According to John Johnson, chief executive officer at Edgeworth Economics, even the statement that Attorney General Merrick Garland issued on Monday regarding the Aon and Willis Towers Watson deal signals a “more aggressive posture” from this administration.
“The decision to abandon this anti-competitive merger will help preserve competition in insurance brokering,” that statement said. The Department of Justice’s decision to pursue litigation against Aon and Willis Towers Watson set it apart from other regulatory bodies like the European Commission, which recently approved the deal.
“The DOJ position stands in contrast to the rest of the global regulatory community, and we are confident that we would win in court,” Aon CEO Greg Case wrote in a letter sent to clients on Monday. “And while we requested an August 2021 trial, the current course with the DOJ would likely have taken us well into 2022.”
The Department of Justice said that the deal would have combined the second and third largest insurance brokers in the world, “effectively consolidating the industry’s ‘Big Three’ into a Big Two.”
According to Aon, that assessment is wrong: “The DOJ’s perspective demonstrates a misunderstanding of the marketplace and our combination was blocked by poor timing and factors ultimately outside our control,” the letter to clients said.

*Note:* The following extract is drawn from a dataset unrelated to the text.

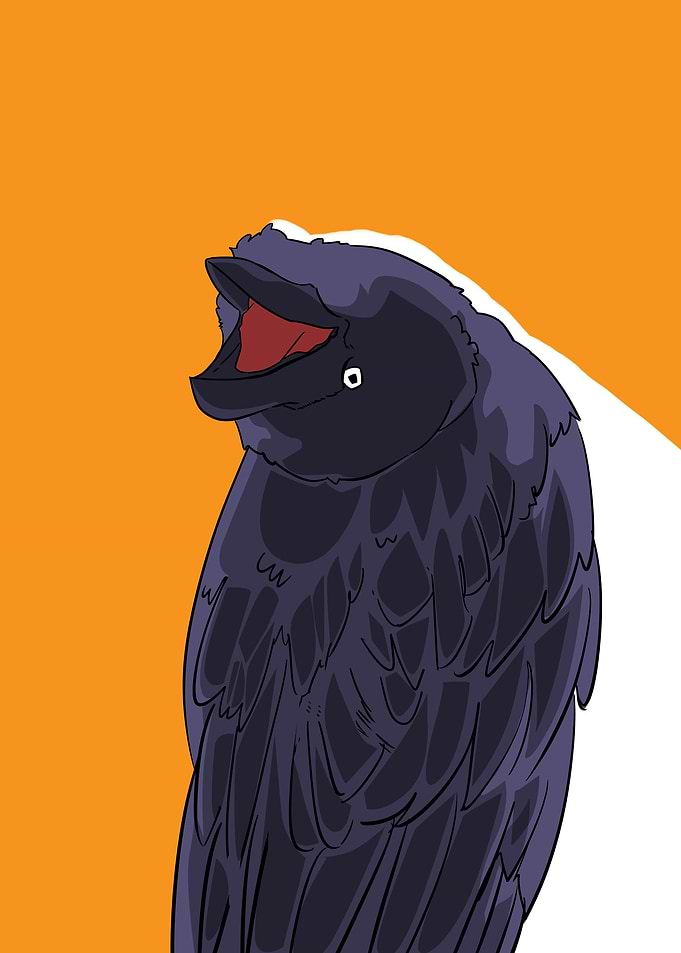 funny crow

“What we’re seeing is a throwback,” Weiner said. “Biden is indicating enforcement is going to be tougher than the country has seen since Reagan was president.”
For financial services companies looking to merge, these regulatory moves could have a real impact in how they go about doing so.
According to Weiner, the Department of Justice and Federal Trade Commission have tended to be softer in how they approach antitrust enforcement than the court system, due to precedent set in the 1960s and 1970s that makes it difficult for companies to prevail.
“What you may see in the next couple of years is that being turned on its head,” Weiner said. In his view, tougher enforcement from the DOJ and FTC may make companies more willing to go to court for a deal. But that won’t be easy.
A court case can take a long time — 18 to 24 months, in some cases — which is a long time to hold together a deal. “It creates a tremendous amount of risk, particularly for the target company,” Weiner said. “Employees concerned about their careers may look to go other places.”
What’s more, breakup fees could become a more common part of deal structures. Aon had to pay Willis Towers Watson a $1 billion termination fee for the deal, for example.
According to Johnson, it’s hard to extrapolate too much on how the results of the Aon and Willis Towers Watson merger will affect antitrust litigation moving forward, though.
“Antitrust is an area that is very factually specific,” Johnson said. “Every case depends on the critical details.”